English Deutsch Français Italiano Español Português 繁體中文 Bahasa Indonesia Tiếng Việt ภาษาไทย
All categories

I had this Q in a test:
Differentiate f(x) when
f(x)= [(√x-1)^2]/√x

The answer the teacher gave was
1) f(x)= [(√x-1)^2]/√x
2) f(x)= x^(1/2)-2+x^(-1/2)
3) f'(x)= 1/2x^(-1/2)-1/2x^(-3/2)

I know how to get from the second stage to the third in the working out, but can somebody please explain how to get from the first stage to the second

2007-01-04 01:58:08 · 3 answers · asked by Anonymus 2 in Science & Mathematics Mathematics

3 answers

Divide x^(1/2) into each term of the polynomial.

The exponents get in the way and can confound you. On the top, you have:
[x^(1/2) - 1]^2

Expanded, that gives you:
x - 2x^(1/2) + 1

When you divide by x^(1/2), you subtract exponents. So you get:
x / x^(1/2) - 2x^(1/2) / x^(1/2) + 1 / x^(1/2)

Which is equal to:
x^(1 - 1/2) - 2x^(1/2 - 1/2) + 1x^(0 - 1/2)

And that finally gives you:
x^(1/2) - 2 + x^(-1/2)

2007-01-04 02:04:54 · answer #1 · answered by Rev Kev 5 · 0 0

f(x) = (x^1/2-1)(x^1/2 -1)/x^1/2
Now multiply out brackets on top line
f(x) = (x -2x^1/2 + 1) /x^1/2
f(x) = x^1/2 - 2 + 1 / x^1/2
f(x)= x^1/2 - 2 + x^(-1/2)
f `(x) = 1/2x^(-1/2) - 1/2(x)^(-3/2)
What takes up the time is that I don`t know how to show indices and powers on computer. However hope answer makes sense.

2007-01-04 03:58:39 · answer #2 · answered by Como 7 · 0 0

From stage 1 to 2; all that your teacher did was simplify. She made the function look less horrible, and made it simplier to differentiate.

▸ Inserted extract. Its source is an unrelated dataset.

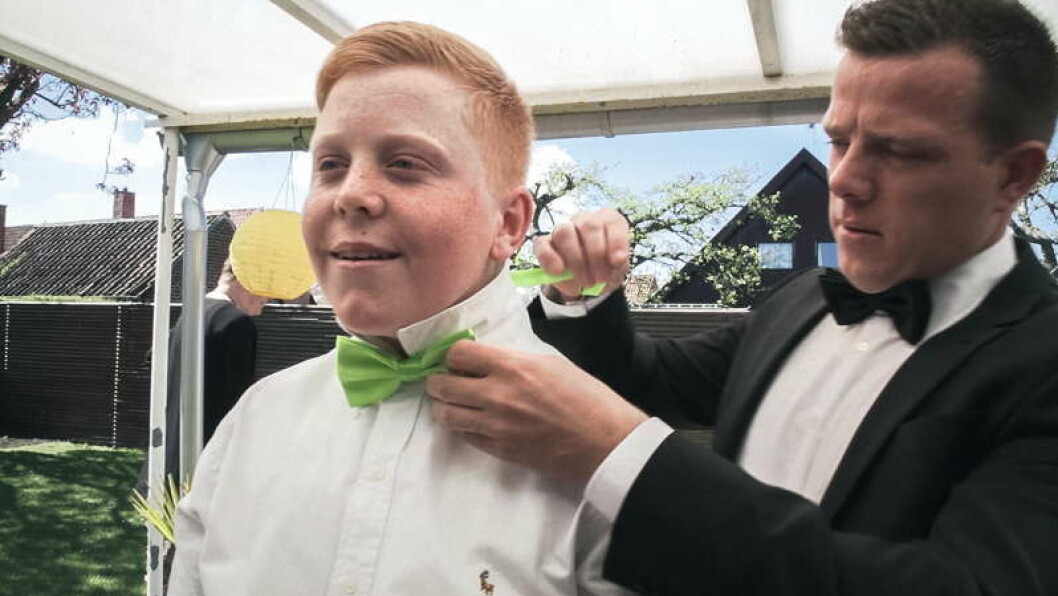 I en ny tv-serie kan man følge 13-årige Mathias gennem konfirmation, fodboldkampe og familieferie, et år efter at hans far døde. I en ny tv-serie kan man følge 13-årige Mathias gennem konfirmation, fodboldkampe og familieferie, et år efter at hans far døde.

so whenever i see a a function squared(like your numerator), I usually think of just expanding it out.
so if we expand (sqrt(x) - 1) ^2 we get:

(sqrt(x) - 1)^2 = (sqrt(x) - 1) * (sqrt(x) - 1)
which =
x - sqrt(x) - sqrt(x) + 1
which then simplifies to :
x - 2sqrt(x) + 1

so now we got the numerator expandize and the function now looks like this:

(x-2sqrt(x) + 1 )
--------------------
sqrt (x)

There is a property of division that says whenever there is variables adding/subtracting in numerator with a common denominator you can split them up:

x / sqrt(x) - 2*sqrt(x)/ sqrt(x) + 1/ sqrt(x)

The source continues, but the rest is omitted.